# SUPPLIED DATA:
□ □ □ □ □ □ □

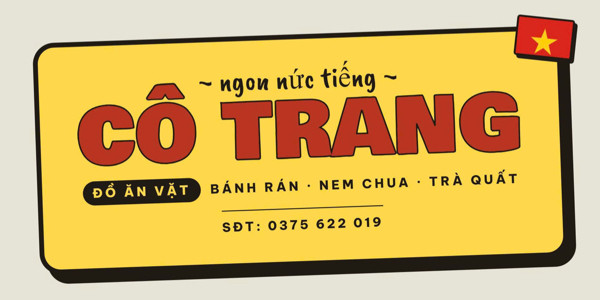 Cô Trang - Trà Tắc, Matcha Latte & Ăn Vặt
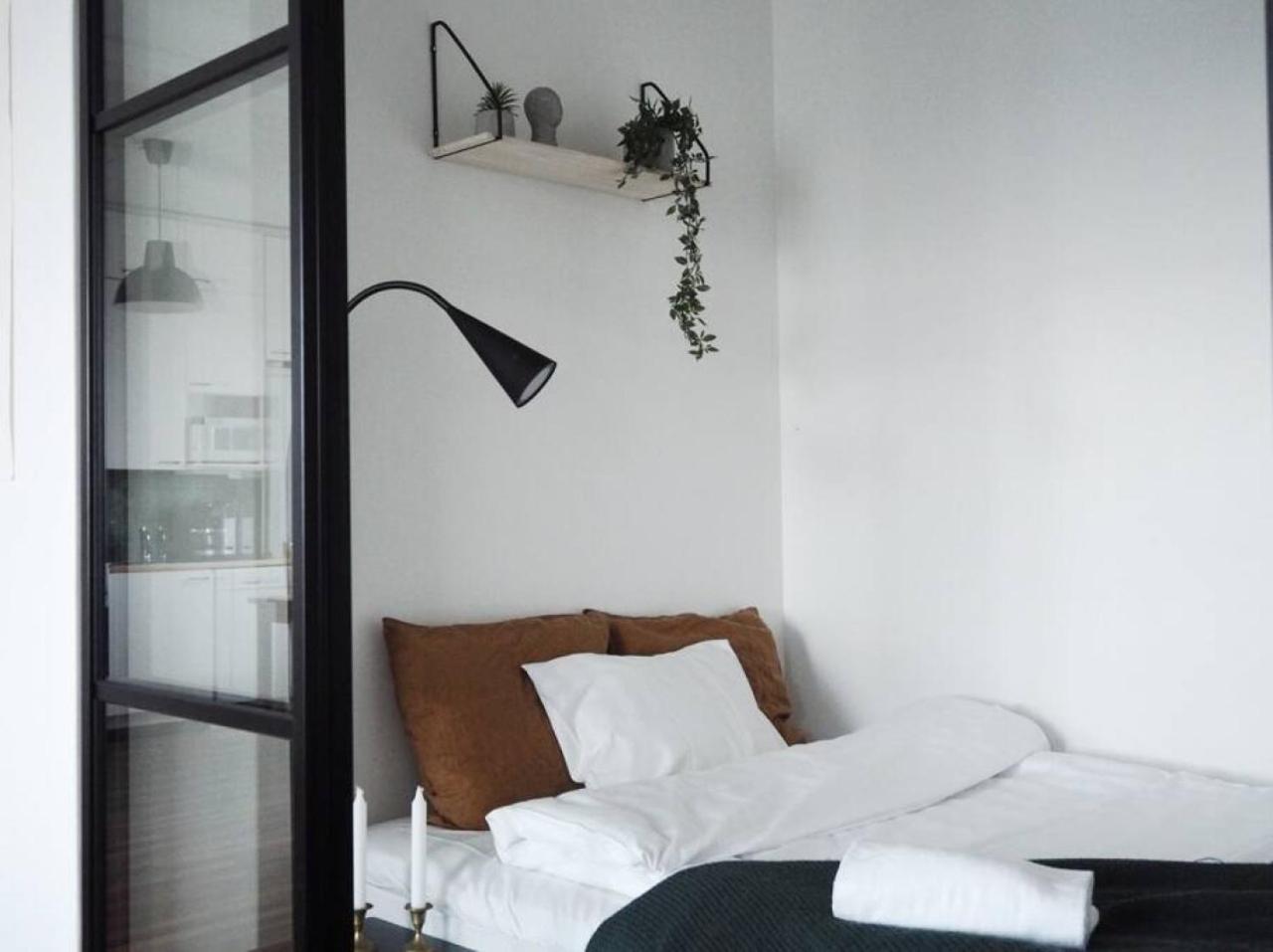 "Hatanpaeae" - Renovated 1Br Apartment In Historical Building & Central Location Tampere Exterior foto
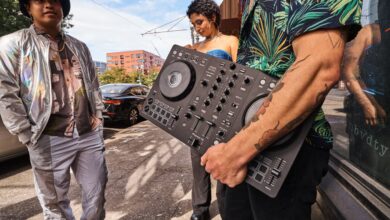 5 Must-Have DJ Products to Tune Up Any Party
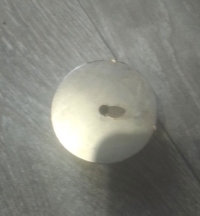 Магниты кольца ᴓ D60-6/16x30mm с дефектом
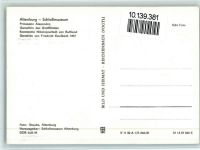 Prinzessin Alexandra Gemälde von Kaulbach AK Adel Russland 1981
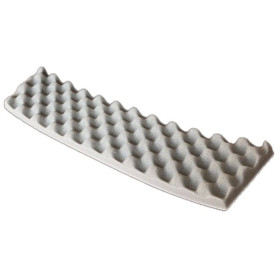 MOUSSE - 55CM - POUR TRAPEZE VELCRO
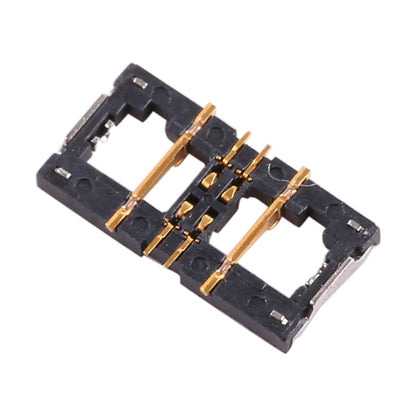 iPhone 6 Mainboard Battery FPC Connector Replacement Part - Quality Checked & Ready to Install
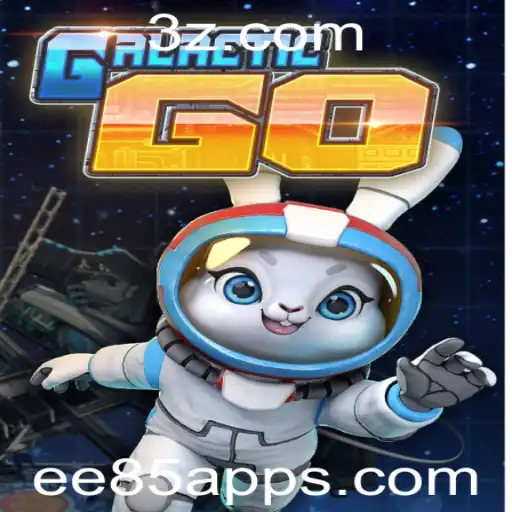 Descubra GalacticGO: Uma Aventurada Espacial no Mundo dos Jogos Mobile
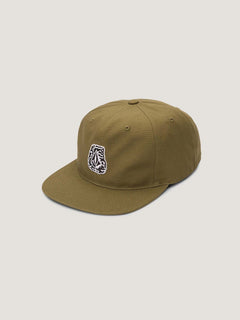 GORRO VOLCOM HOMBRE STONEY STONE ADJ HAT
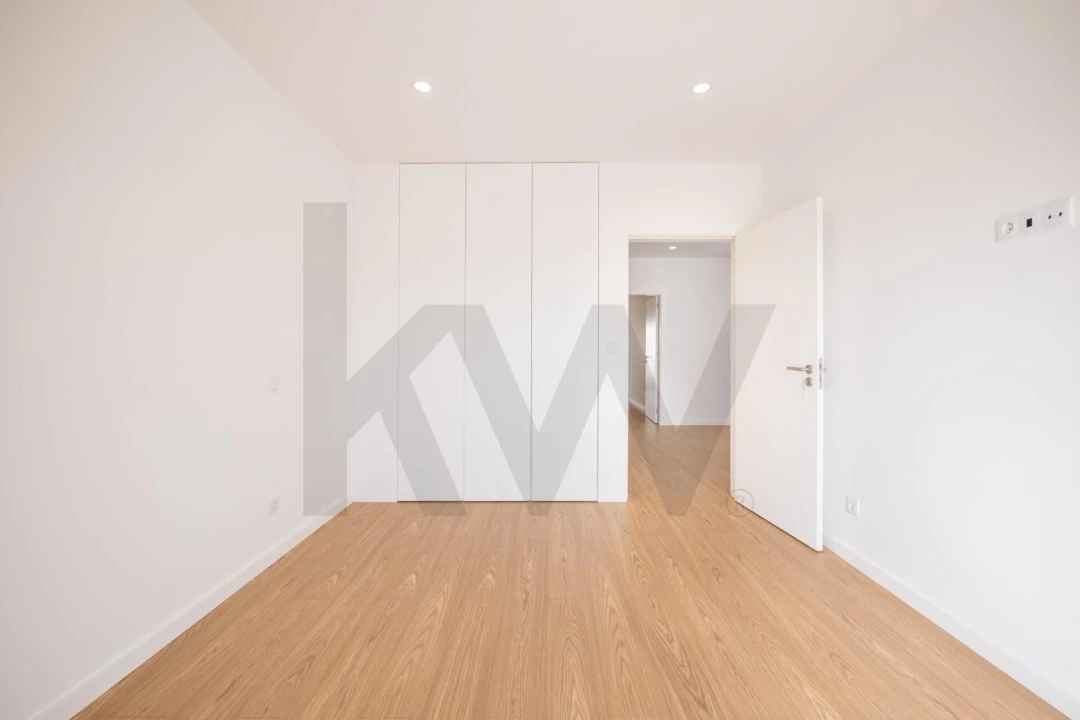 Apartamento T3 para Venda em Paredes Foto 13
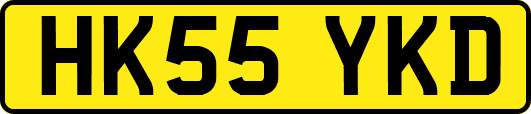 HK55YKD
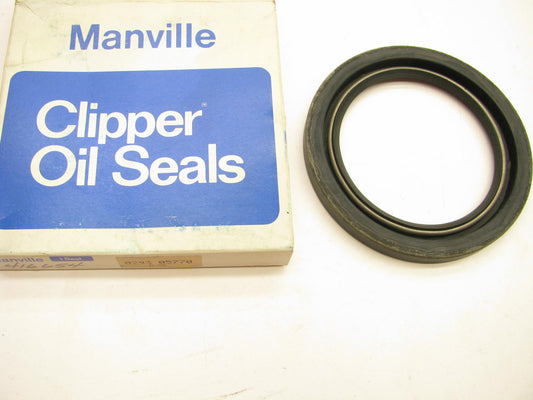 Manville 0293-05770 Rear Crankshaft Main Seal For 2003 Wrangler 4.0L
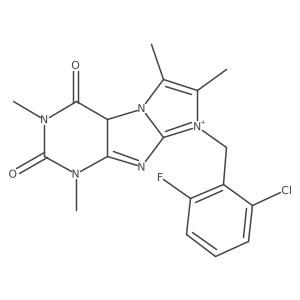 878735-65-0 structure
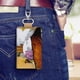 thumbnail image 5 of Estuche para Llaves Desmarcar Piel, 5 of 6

□ □ □ □ □ □ □

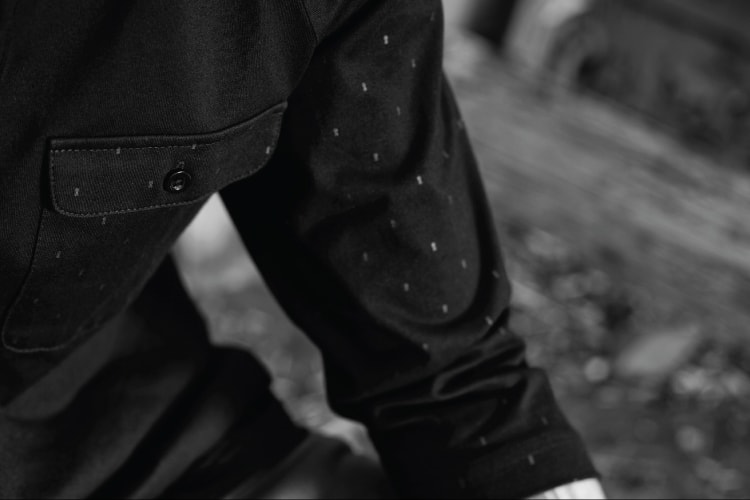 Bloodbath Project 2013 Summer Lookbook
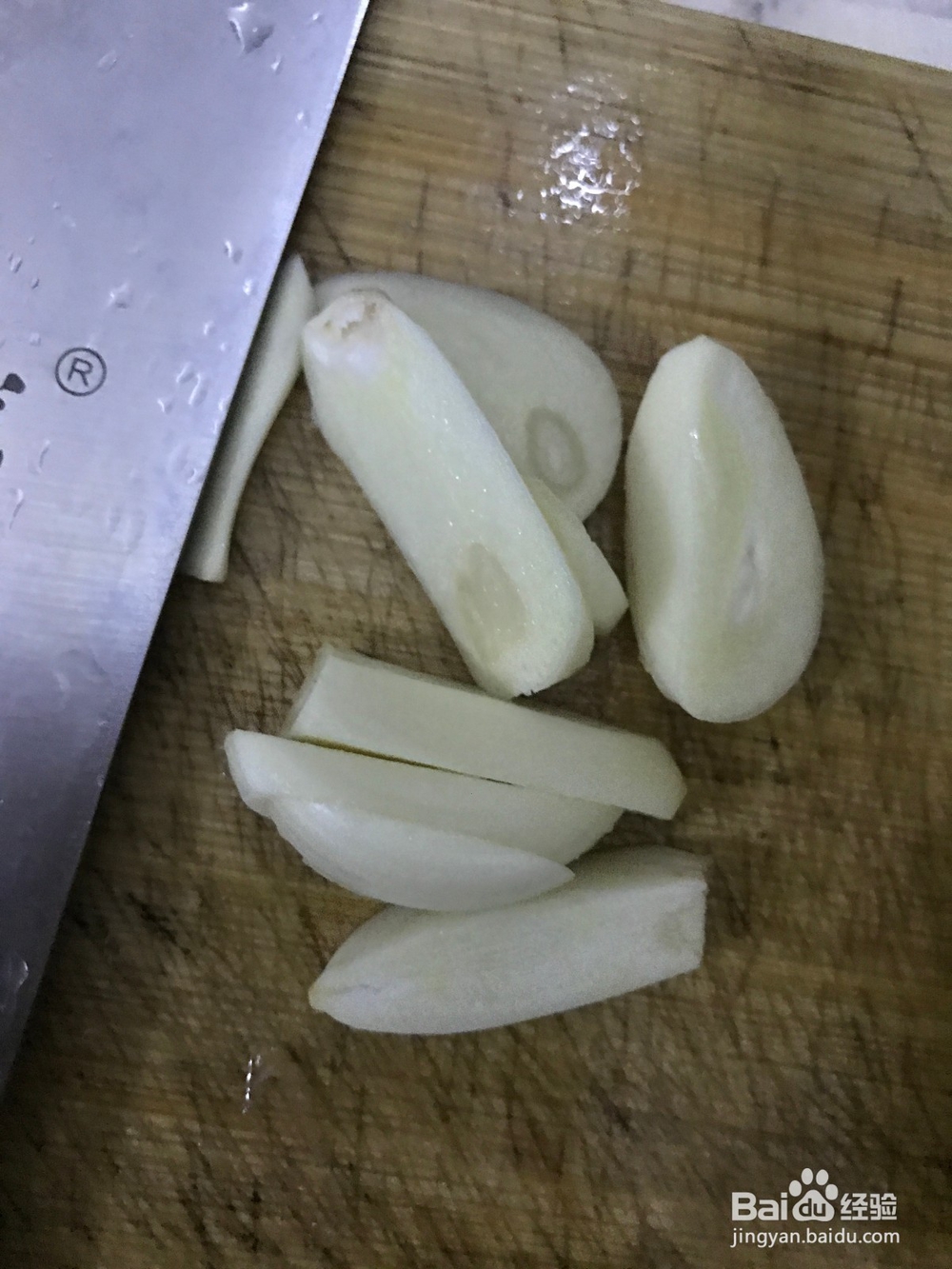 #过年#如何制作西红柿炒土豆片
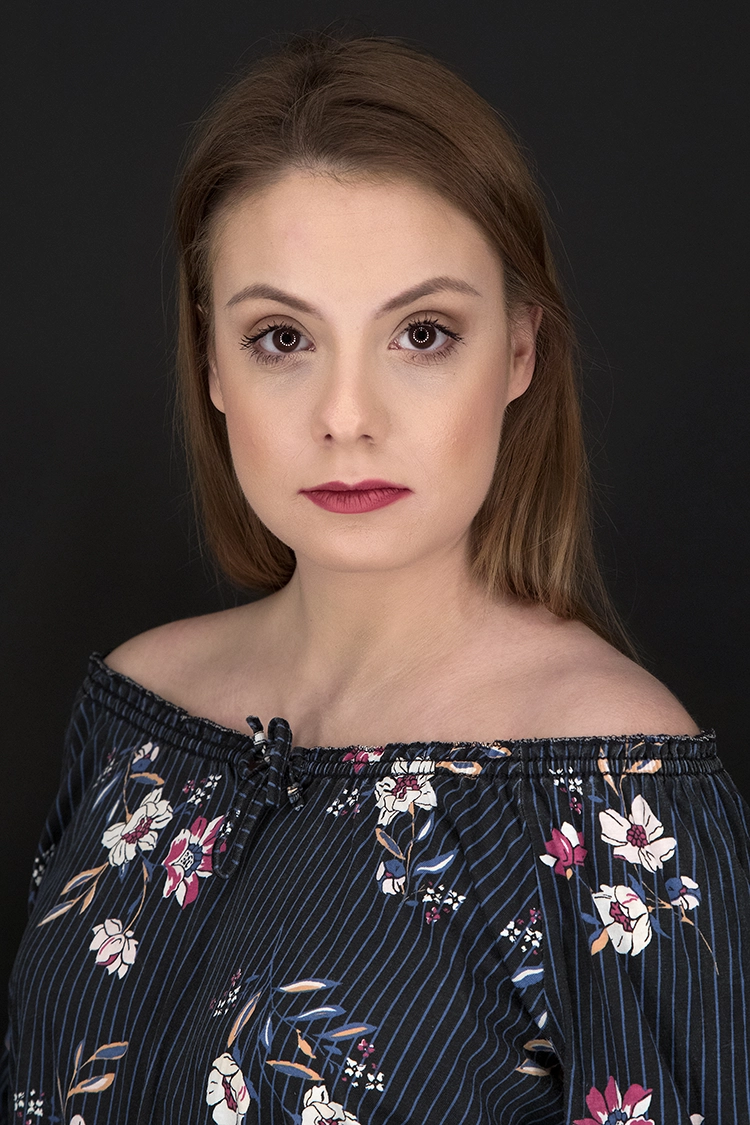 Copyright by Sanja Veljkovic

□ □ □ □ □ □ □

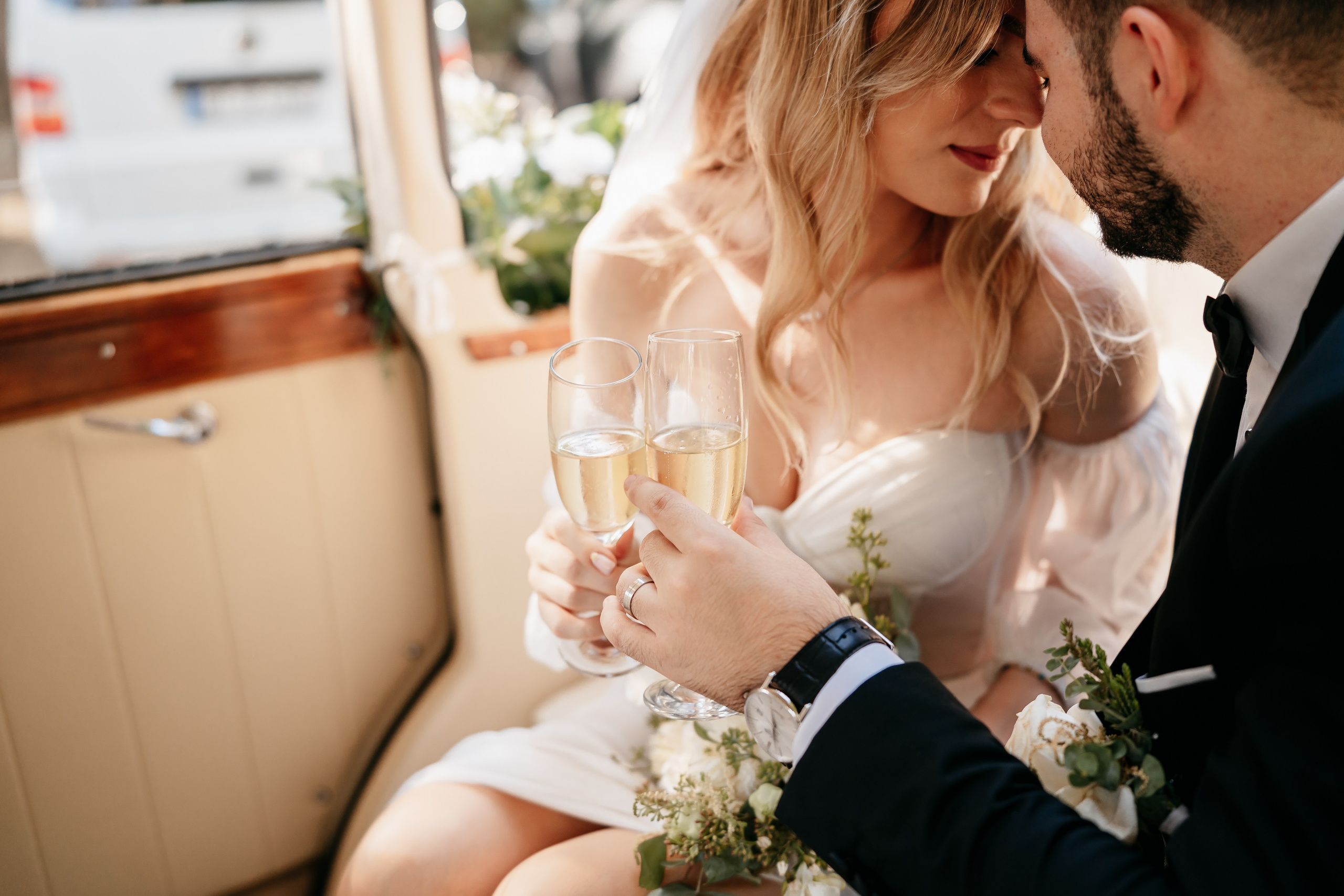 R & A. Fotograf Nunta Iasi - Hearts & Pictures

□ □ □ □ □ □ □

# PROBLEM STATEMENT:
Output exactly the lines above that lie between the line with "iPhone 6 Mainboard" and the line with "thumbnail image 5", those two lines included, and no pictures.

# RESPONSE:
 iPhone 6 Mainboard Battery FPC Connector Replacement Part - Quality Checked & Ready to Install
 Descubra GalacticGO: Uma Aventurada Espacial no Mundo dos Jogos Mobile
 GORRO VOLCOM HOMBRE STONEY STONE ADJ HAT
 Apartamento T3 para Venda em Paredes Foto 13
 HK55YKD
 Manville 0293-05770 Rear Crankshaft Main Seal For 2003 Wrangler 4.0L
 878735-65-0 structure
 thumbnail image 5 of Estuche para Llaves Desmarcar Piel, 5 of 6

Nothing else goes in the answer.